AB - Many trial designs, such as dose-finding trials, shared-control designs, or adaptive platform trials, investigate multiple therapies simultaneously. Often these trials seek to identify the best arm and compare it to a control. Adaptive trials are commonly considered in this space, focusing on methods that drop arms or adjust allocation in response to accumulating information. These methods continue to be compared in the literature, most recently with an emphasis on the effect of time trends during the experiment. Here we compare several methods, considering their performance with and without time trends present.

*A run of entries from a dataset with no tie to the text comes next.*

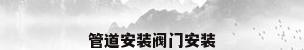 管道安装阀门安装
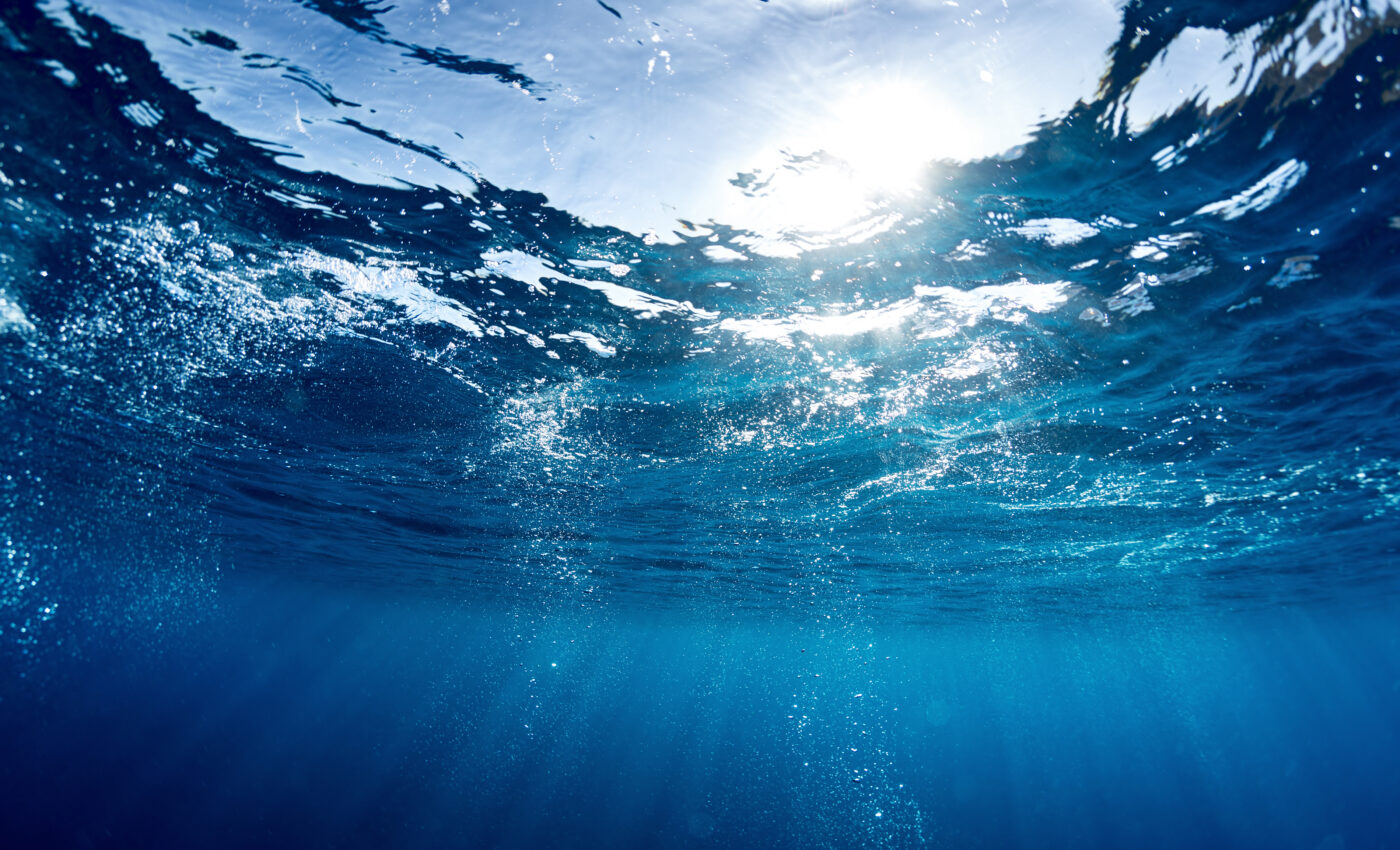 Predator interactions determine where Prochlorococcus thrive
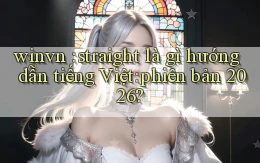winvn straight là gì hướng dẫn tiếng Việt phiên bản 2026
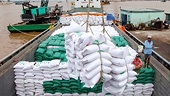 Opportunities and challenges for Vietnamese rice in current context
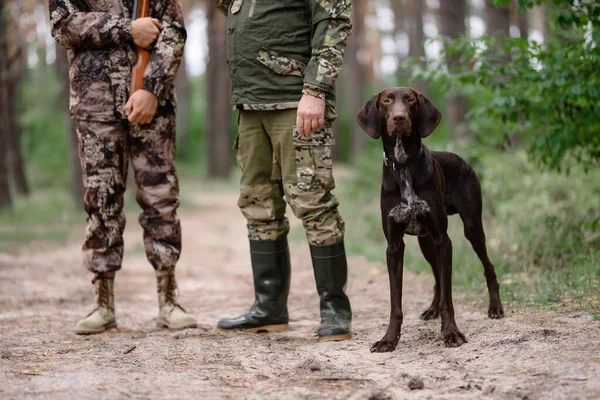 Puntero de alerta de caza de perros con cazadores en el bosque. — Foto de Stock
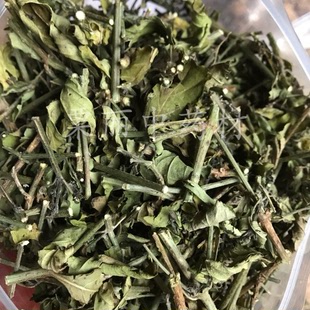 野生中草药白鹤灵芝   仙草 白鹤灵芝草 干品货 500克包邮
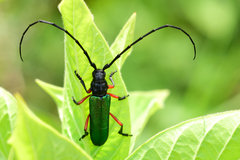 Deltaspis rubriventris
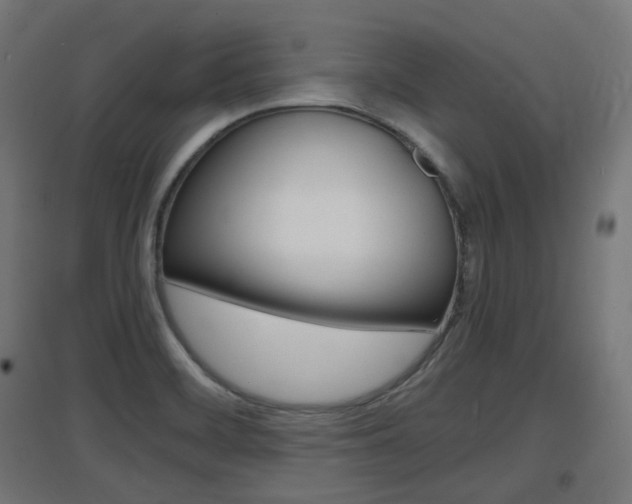 X0000097621468200802290809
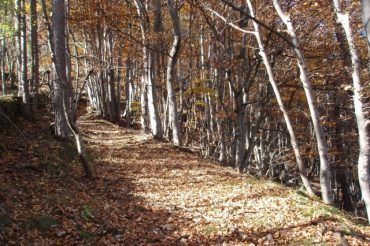 La tomba della volpe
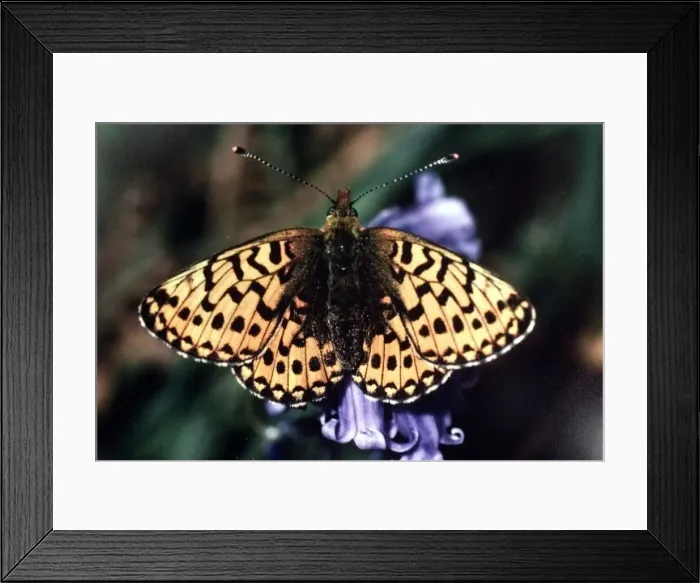 Framed Print : Butterfly. A picture of the Pearl-bordered Fritillary found in the Wyre Forest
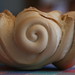 Michele Pane Photo 9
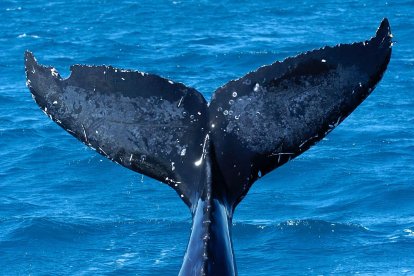 Fotografía de archivo de la cola de una ballena en aguas de Australia.
                      EPA/DAVE HUNT AUSTRALIA AND NEW ZEALAND OUT[AUSTRALIA AND NEW ZEALAND OUT]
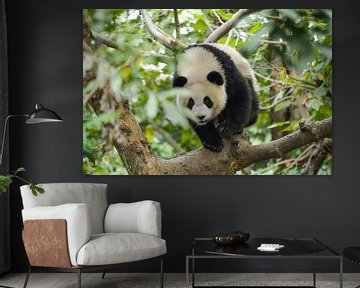 Panda im Baum von Kenji Elzerman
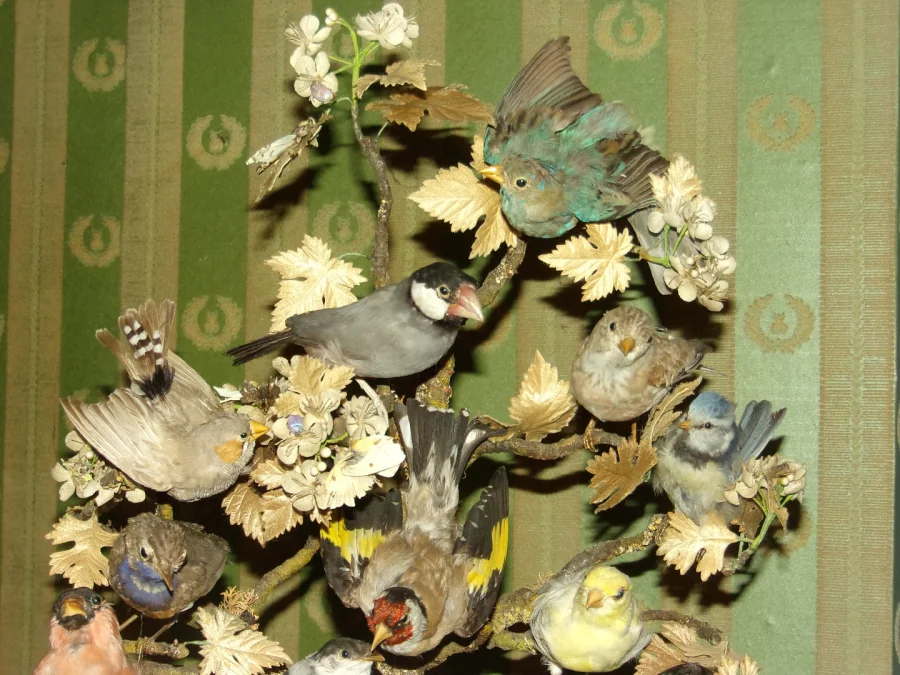 Large Musical Composition Under A Globe, Stuffed Birds, 19th Century.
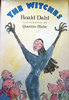 roald dahl the witches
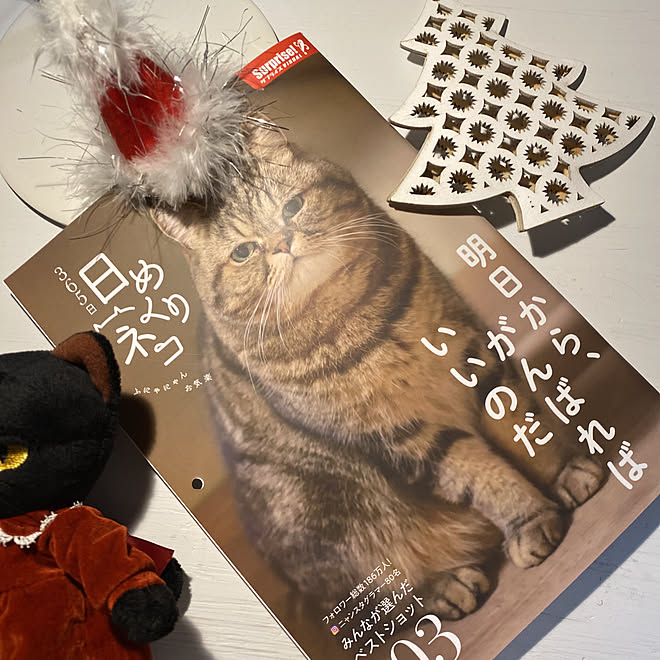 猫も飼いたい 365日 日めくりネコ 日めくりカレンダー 白く塗っただけdiy などのインテリア実例 11 28 23 33 35 Roomclip ルームクリップ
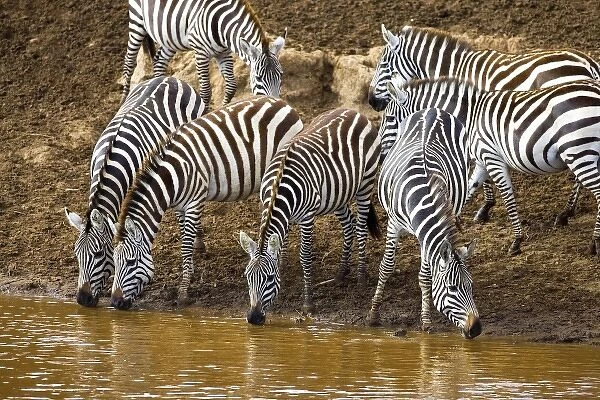 Burchells Zebras drinking out of the Mara River in the Msai Mara Kenya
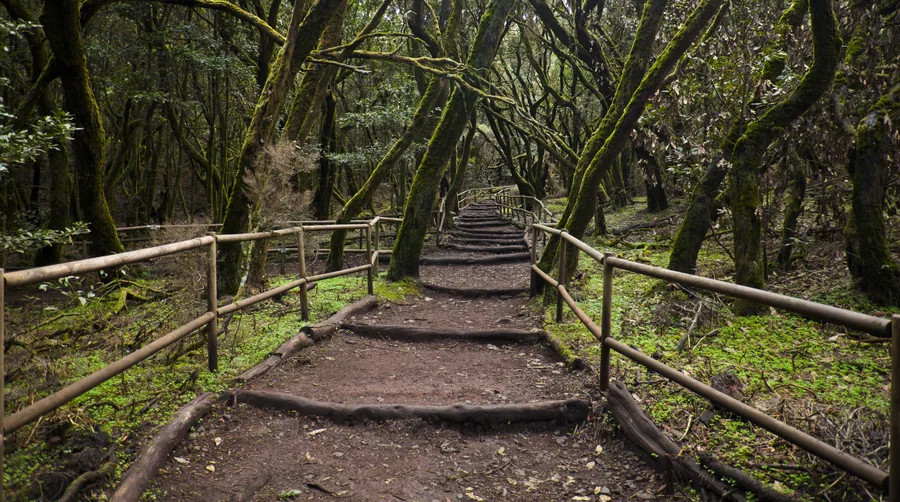 Sendero entre la laurisilva densa del Parque Nacional de Garajonay, La Gomera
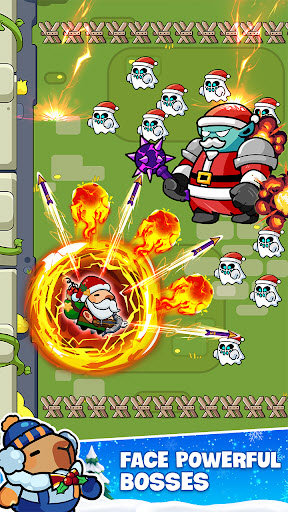 卡皮巴拉幸存者图1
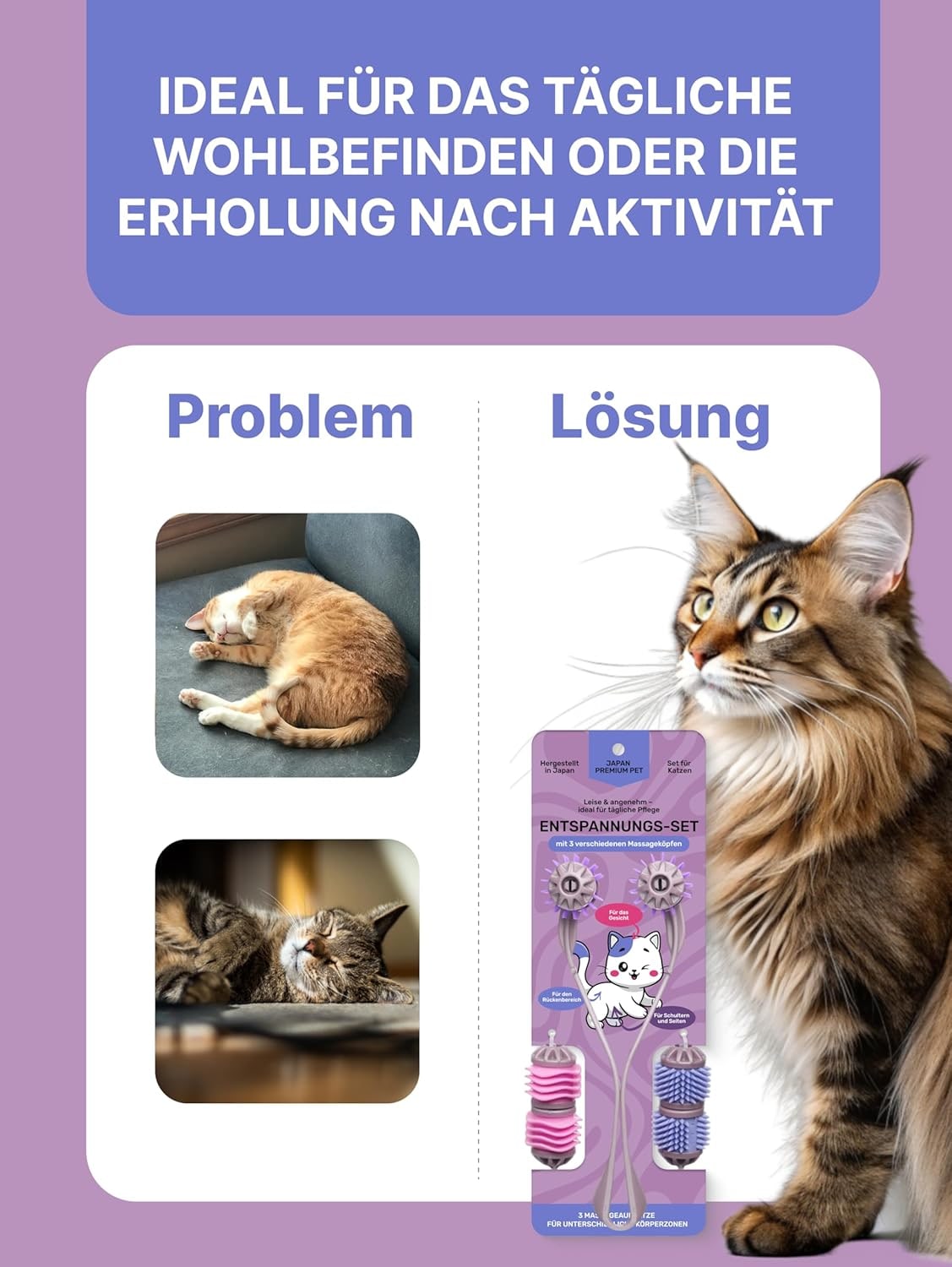 Super Active Longevity Massager for Cats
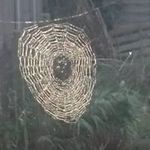 Christopher Ireland - @chrisireland75 - Instagram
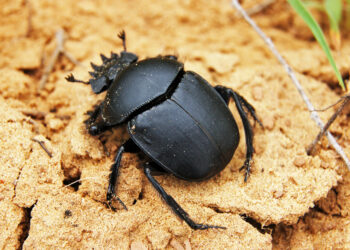 Do Dung Beetles Use Stars To Navigate?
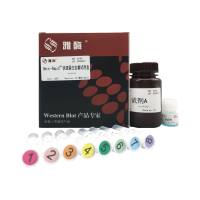 ZJ103 Omni-Rapid ™快速蛋白定量试剂盒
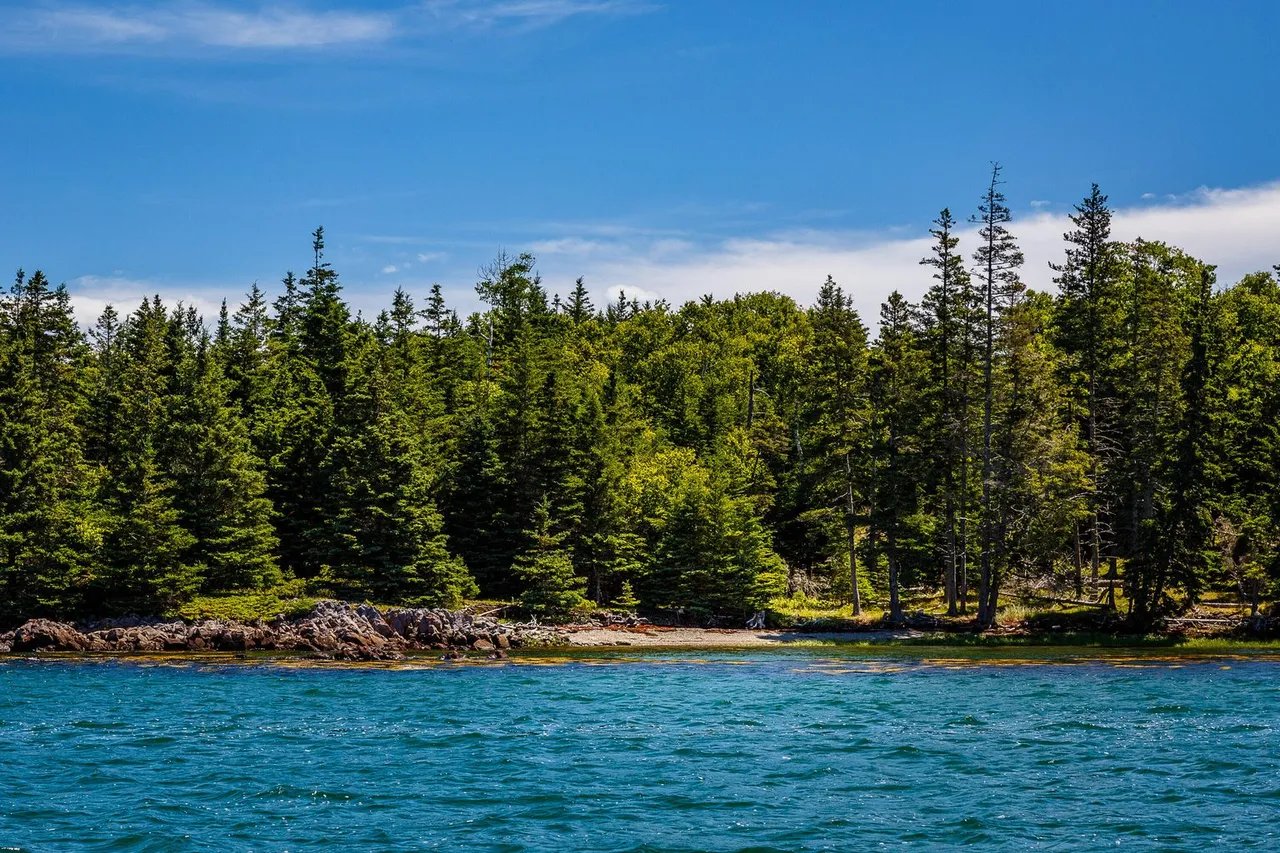 Build Your Dream Oceanfront Home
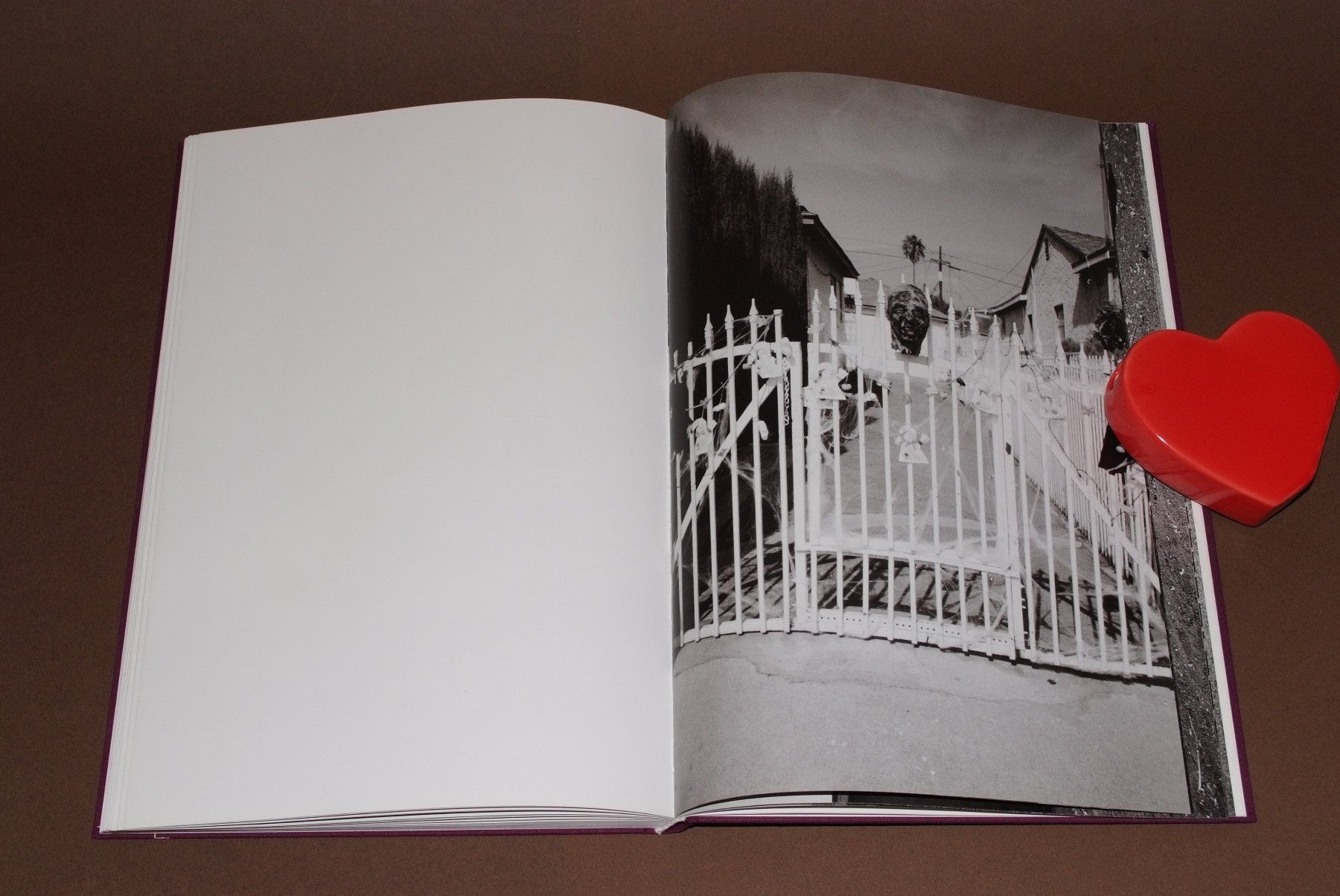 Libri: Cameron Jamie - Front Lawn Funerals #Horror #Halloween – Usato da Aarau venduto da Pearlz 5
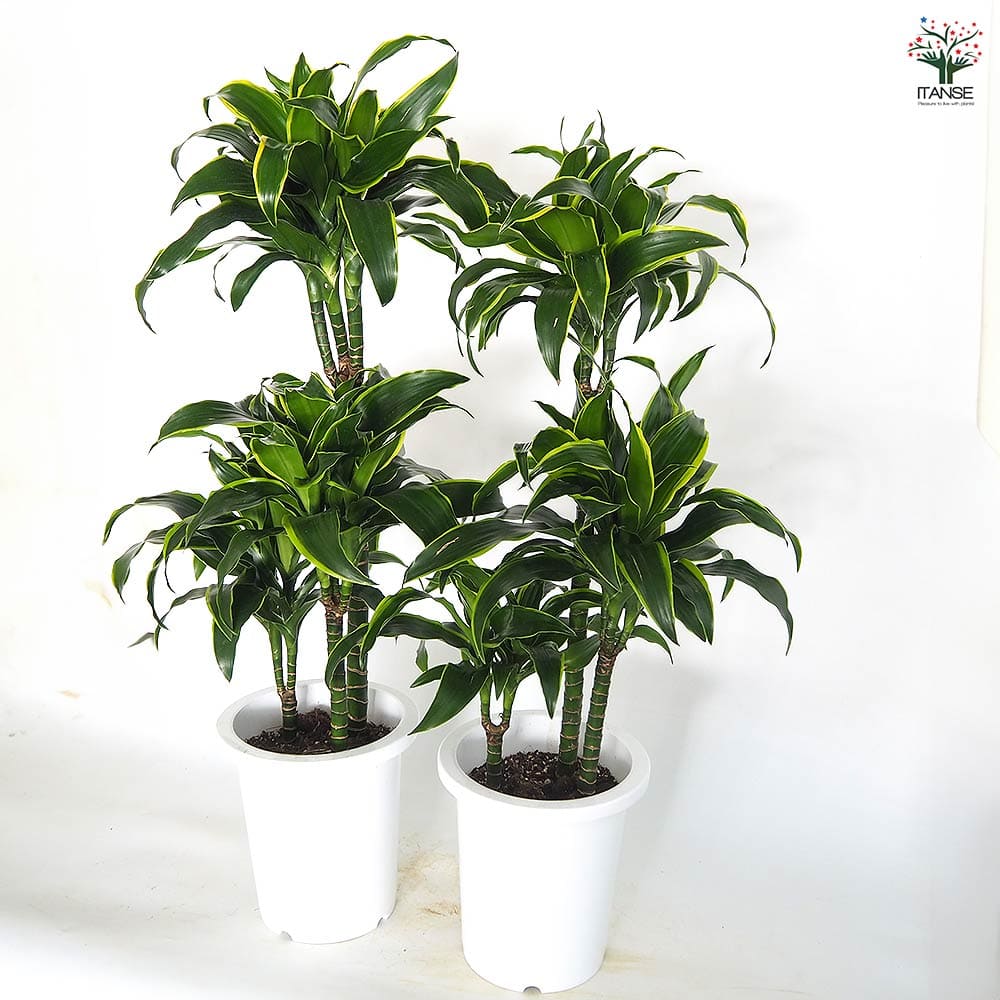 ドラセナ ドラド 【観葉植物 8号／1個売り】｜ 【植物のITANSE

The four procedures are: (a) fixed allocation, (b) arm dropping based on p-values (two variants), (c) arm dropping based on the posterior probability each arm is best (two variants), and (d) response-adaptive randomization. These procedures are compared in terms of their ability to identify the best arm, statistical power, accuracy of estimation, and potential benefit to participants inside the trial. We find arm dropping based on the probability each arm is best and RAR among the best options from the methods considered. Arm dropping based on p-values performs moderately worse, and fixed allocation is much worse on all metrics within this context.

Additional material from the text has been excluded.